Die Regierung sagt, sie möchte mit dem Deal verhindern, dass Menschen in kleinen Booten den Ärmelkanal überqueren. Dabei gibt es für die These eines Abschreckungseffekts durch Auslagerungsmodelle keinerlei Belege (vgl. EU-Türkei-Deal). Diese Form der Externalisierungspolitik muss immer wieder scheitern, da sie ihre Rechnung ohne die Menschen macht, die in ihrem Zentrum stehen: Geflüchtete werden für ein Leben in Sicherheit und Würde auch weiterhin Wege suchen und finden.
Verantwortungsverschiebung: Großbritannien untergräbt den internationalen Flüchtlingsschutz
Mit dem Ruanda-Deal lagert die britische Regierung die eigene Verantwortung für schutzsuchende Menschen in das ostafrikanische Land aus und untergräbt damit den weltweiten Flüchtlingsschutz. Diese Auslagerung ist ein Paradebeispiel für eine Externalisierungspolitik, die nicht zur internationalen Verantwortungsteilung beiträgt, der sich Staaten mit der Genfer Flüchtlingskonvention (GFK) eigentlich verpflichtet haben.
Denn bei tatsächlicher Umsetzung würden Schutzsuchende aus Großbritannien (Bevölkerungszahl 67,33 Millionen, Bruttoinlandsprodukt von 3,131 Billionen USD, Platz 18 im Demokratieranking) nach Ruanda (Bevölkerungsanzahl 13,46 Millionen, Bruttoinlandsprodukt von 11,07 Milliarden USD, Platz 128 im Demokratieranking), also in ein deutlich strukturschwächeres Land gebracht werden. Auch das UN-Flüchtlingshilfswerk UNHCR ist der Meinung, dass ein solcher Deal nicht mit der GFK in Einklang zu bringen ist, da es sich hier um eine Verantwortungsverschiebung handelt.

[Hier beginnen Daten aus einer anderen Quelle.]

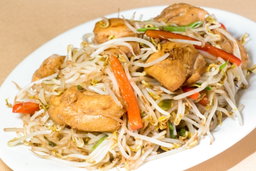 Pollo con Frejolito Chino
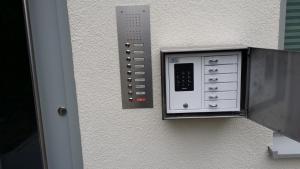 慕尼黑派里欧最佳服务公寓酒店的一道带门的墙,有控制板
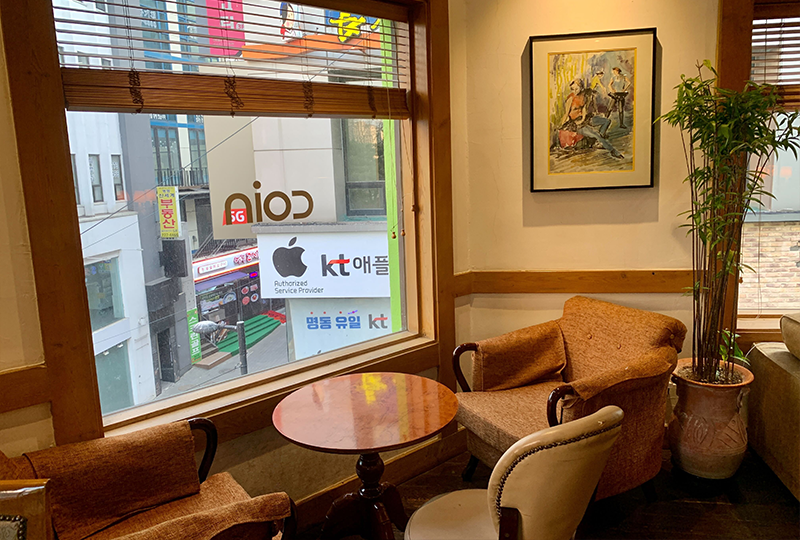 bàn ghế bên cửa sổ ở Cafe Coin chi nhánh 2, Myeongdong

Deutsche Bundesregierung sollte von diesem Irrweg klar Abstand nehmen
Auch in Deutschland nähren einige Politiker*innen mit populistischen Debatten die Illusion, durch Auslagerungsmodelle ließen sich Flucht und Migration verhindern. Spätestens seit dem letzten Treffen von Bundeskanzler Olaf Scholz und den Ministerpräsident*innen der Bundesländer im November 2023 und dem dort beschlossenen Prüfauftrag wird erneut über eine mögliche Auslagerung des Flüchtlingsschutzes in Nicht-EU-Staaten diskutiert.
Obwohl solche Ideen weder umsetzbar noch menschenrechtskonform sind, plant die CDU aktuell, die Auslagerung von Asylverfahren in »sichere Drittstaaten« in ihr Grundsatzprogramm aufzunehmen: »Jeder, der in Europa Asyl beantragt, soll in einen sicheren Drittstaat überführt werden und dort ein Verfahren durchlaufen. Im Falle eines positiven Ausgangs wird der sichere Drittstaat dem Antragsteller vor Ort Schutz gewähren«, heißt es in dem Entwurf.
Mit diesem Vorschlag würde das Asylrecht in Europa faktisch abgeschafft. Denn Menschen, die vor Kriegen und Verfolgung fliehen, könnten auf dieser Basis in Deutschland und der Europäischen Union keinen Schutz mehr bekommen. Die Bundesregierung sollte von diesem Irrweg klar Abstand nehmen und sich stattdessen für die Achtung internationaler und europäischer Schutzstandards, für eine effektive Unterstützung der Kommunen und für sichere Fluchtwege einsetzen.